作为目前新闻领域重要的分发方式和新兴的推送思路,这里需要重点提及算法。推荐算法通过基于内容的、基于用户协同过滤的、基于关联规则的等多种常用算法,追踪用户行为,计算出用户的喜好。Facebook于2006 年起便开始使用算法推出了 News feed 项目,2013年起今日头条开始在这方面进行尝试。2016年是算法编辑超越人工的拐点,2016年美国皮尤研究中心数据显示,Facebook已成为人们阅读新闻的最大入口。

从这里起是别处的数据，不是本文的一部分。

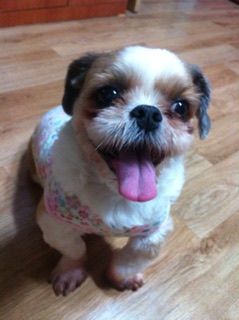 또쑨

2017年后,算法在新闻分发领域的作用愈发不可撼动,远远将人工推送甩在身后。到2017年末时,封面传媒董事长兼CEO李鹏表示,四川报业集团的封面城市频道上线后,对21个市州进行的新闻聚类和智能分发工作仅由3名编辑完成,比传统分发模式节约了20个编辑。今日头条首席算法架构师曹欢欢在技术上肯定了算法对新闻分发环节的颠覆,他表示算法可以完成基于智能算法的文本内容分析,如精细分类、主题分析和实体词提取;基于智能算法的图像识别,如分析内容特征和广告色情识别,以及基于智能算法的写稿机器人,如财经报道、体育赛事报道等领域的自动创作。此外,算法还参与到新闻内容的采集、写作、审核等其他方面。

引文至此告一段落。